Das normas acima descritas resulta que o aparelho qualitativo tem por função sinalizar a presença de álcool no sangue, não cuidando da quantificação de uma taxa de álcool no sangue (TAS). Daí que se refira no texto legal que a presença de álcool no sangue é indiciada por meio de teste no ar expirado efectuado em analisador qualitativo e quando o teste realizado em analisador qualitativo indicie a presença de álcool no sangue.

Os aparelhos (qualitativos) não têm de emitir qualquer talão, entendido este no sentido de registo documental da taxa medida, e visam tão só uma primeira despistagem e a consequente selecção dos condutores a submeter a teste quantitativo.

Pese embora o teste qualitativo tenha a função de despistagem claramente definida na lei, sendo que do mesmo apenas resulta uma conclusão genérica sobre a presença de álcool no sangue, certo é que ele faz parte do sistema legal de provas estabelecidas para a detecção do estado de influenciado pelo álcool, determinante do passo seguinte de sujeição ou não ao teste quantitativo, consoante o resultado indiciado pelo primeiro analisador for positivo ou negativo relativamente à presença de álcool.[3]

Nas condições descritas, não está na esfera de decisão individual do condutor escolher se se submete ou não a tal prova de detecção ou indiciação da presença de álcool no sangue, se “prefere” saltar essa etapa inicial de triagem, seguindo logo para a realização de “um teste com talão”, ao arrepio da ordem que legal e regularmente lhe foi dada pelo agente da autoridade no sentido de efectuar o teste no ar expirado em analisador qualitativo.

Assim, como bem refere o tribunal a quo na sentença recorrida, citando para o efeito o Acórdão da Relação de Évora de 07-05-2019[4], “tanto comete o crime de desobediência quem se recusa a realizar o teste quantitativo como quem não realiza sequer o teste qualitativo (de despistagem)”.

Na verdade, conforme já foi dito, segundo estatui o artigo 152.º, n.os 1, alínea a), e 3 do Código da Estrada, os condutores que recusem submeter-se às provas estabelecidas para a detecção do estado de influenciado pelo álcool ou por substâncias psicotrópicas são punidos por crime de desobediência.

Por sua vez, o n.º 1 do artigo 348.º do Código Penal dispõe que:

Quem faltar à obediência devida a ordem ou mandado legítimos, regularmente comunicados e emanados de autoridade ou funcionário competente, é punido com pena de prisão até um ano ou com pena de multa até 120 dias se:

a) Uma disposição legal cominar, no caso, a punição por desobediência simples; ou

b) Na ausência de disposição legal, a autoridade ou funcionário fizerem a correspondente cominação”.

Como elementos objectivos deste tipo incriminador, temos a existência de uma ordem ou mandado que se traduz na imposição da obrigação de praticar ou deixar de praticar certo facto.

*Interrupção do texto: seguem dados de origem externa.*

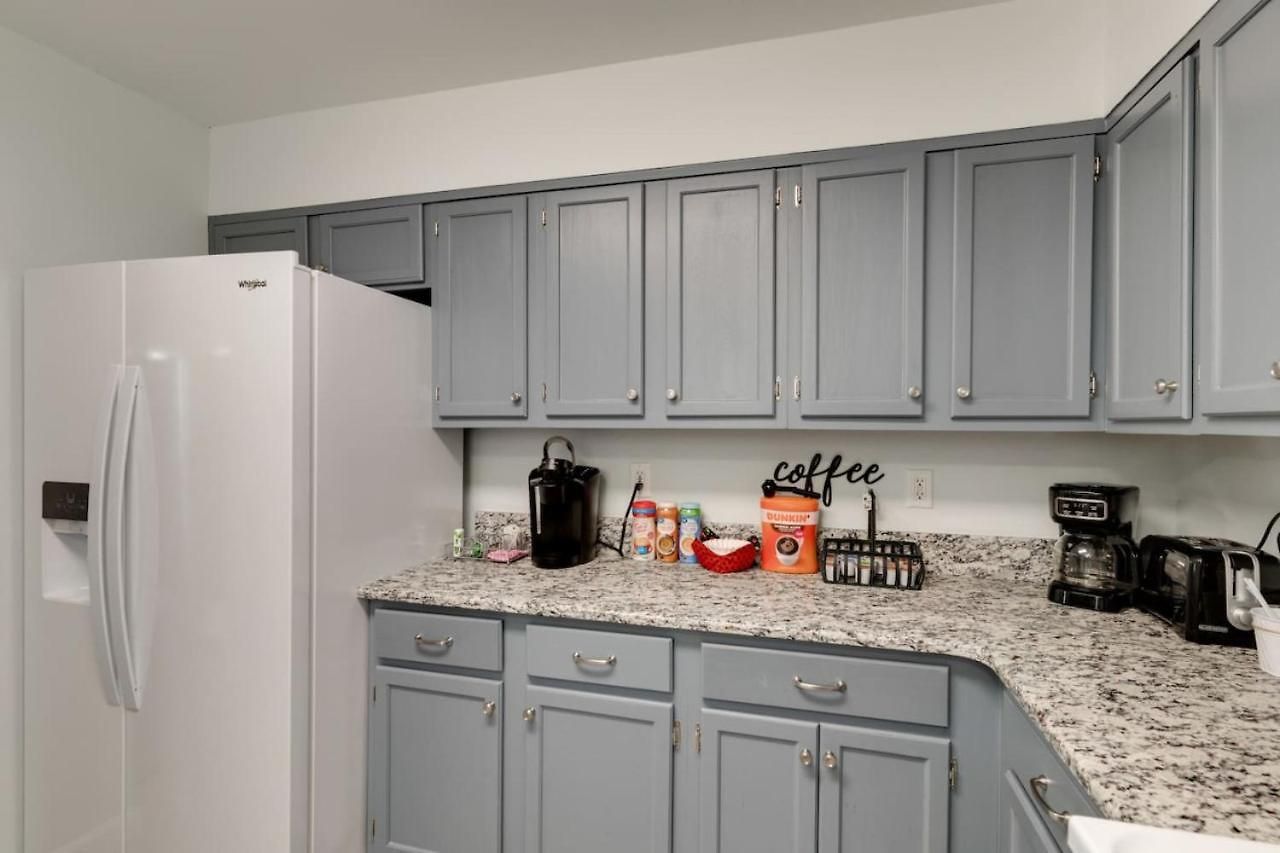 Beautiful 3 Bedroom- Free Parking 2m To Broadway Apartment Nashville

Trata-se, assim, de um comando que impõe a alguém uma determinada conduta, no caso positiva (sujeição ao teste em analisador qualitativo).

A ordem tem de revestir legalidade substancial e formal, devendo ter subjacente uma disposição legal que autorize a sua emissão, assim como tem de ser emanada com as formalidades que a lei estipula para a sua emissão.

Exige-se, por outro lado, que a autoridade que a emite tenha competência para o fazer, ou seja, que a imposição caiba na sua esfera de atribuições.

Acresce que a ordem ou mandado deve ser regularmente transmitida ao seu destinatário, para que ele tenha conhecimento do que lhe é imposto ou exigido.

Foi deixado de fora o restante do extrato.